A continuous function has a continuous derivative.

If a function is differentiable, it is continuous.

Use the limit definition of the derivative to exactly evaluate the derivative.

$f\left(x\right)=\frac{3}{x}$

Find the derivatives of the following functions.

$f\left(x\right)={\left(4-{x}^{2}\right)}^{3}$

$f\left(x\right)=\text{ln}\phantom{\rule{0.1em}{0ex}}\left(x+2\right)$

$f\left(x\right)={x}^{2}\text{cos}\phantom{\rule{0.1em}{0ex}}x+x\phantom{\rule{0.1em}{0ex}}\text{tan}\phantom{\rule{0.1em}{0ex}}\left(x\right)$

$f\left(x\right)=\sqrt{3{x}^{2}+2}$

$f\left(x\right)=\frac{x}{4}\phantom{\rule{0.1em}{0ex}}{\text{sin}}^{\mathrm{-1}}\left(x\right)$

${x}^{2}y=\left(y+2\right)+xy\phantom{\rule{0.1em}{0ex}}\text{sin}\phantom{\rule{0.1em}{0ex}}\left(x\right)$

Find the following derivatives of various orders.

First derivative of $y=x\phantom{\rule{0.1em}{0ex}}\text{ln}\phantom{\rule{0.1em}{0ex}}\left(x\right)\phantom{\rule{0.1em}{0ex}}\text{cos}\phantom{\rule{0.1em}{0ex}}x$

Third derivative of $y={\left(3x+2\right)}^{2}$

Find the equation of the tangent line to the following equations at the specified point.

$y={\text{cos}}^{\mathrm{-1}}\left(x\right)+x$ at $x=0$

Draw the derivative for the following graphs.

The following questions concern the water level in Ocean City, New Jersey, in January, which can be approximated by $w\left(t\right)=1.9+2.9\phantom{\rule{0.1em}{0ex}}\text{cos}\phantom{\rule{0.1em}{0ex}}\left(\frac{\pi}{6}t\right),$ where *t* is measured in hours after midnight, and the height is measured in feet.

Find and graph the derivative. What is the physical meaning?

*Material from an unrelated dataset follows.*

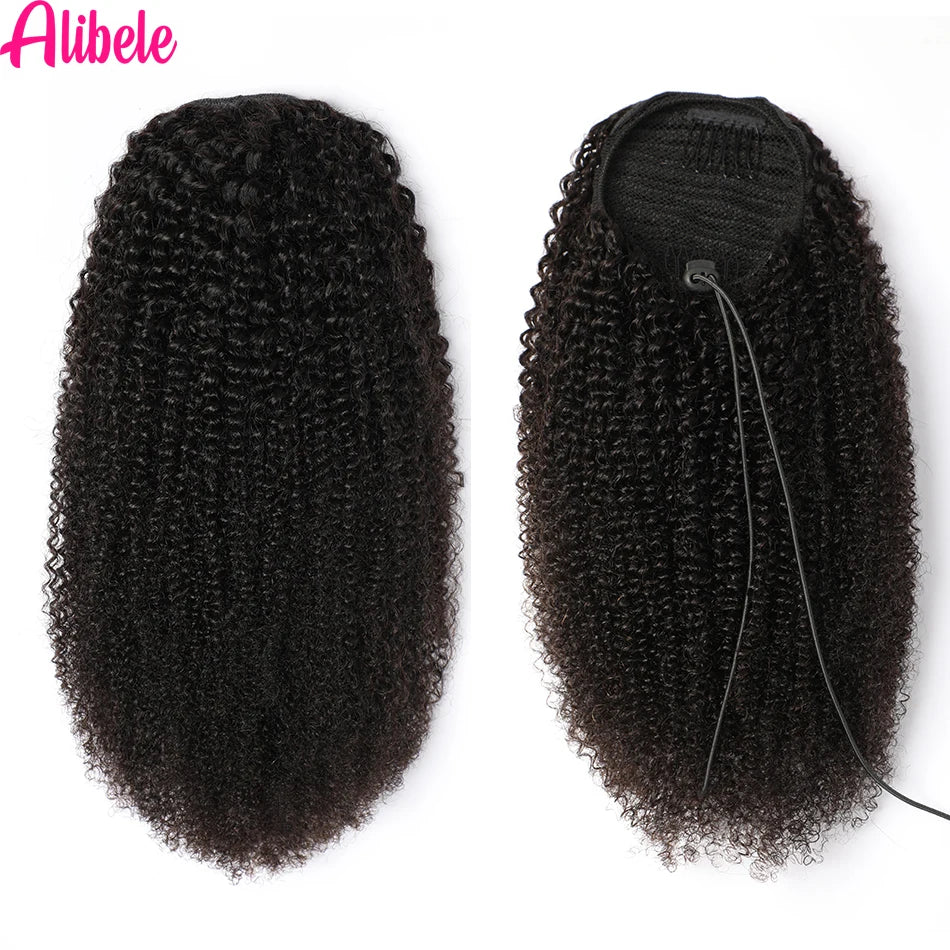 Alibele Mongolian Afro Kinky Curly Drawstring Clip-In Ponytail Extension - Remy Human Hair 4B/4C, 10–28 in (25–71 cm)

The following questions consider the wind speeds of Hurricane Katrina, which affected New Orleans, Louisiana, in August 2005. The data are displayed in a table.

Hours after Midnight, August 26 | Wind Speed (mph) |
---|---|

1 | 45 |

5 | 75 |

11 | 100 |

29 | 115 |

49 | 145 |

58 | 175 |

73 | 155 |

81 | 125 |

85 | 95 |

107 | 35 |

Using the table, estimate the derivative of the wind speed at hour 39. What is the physical meaning?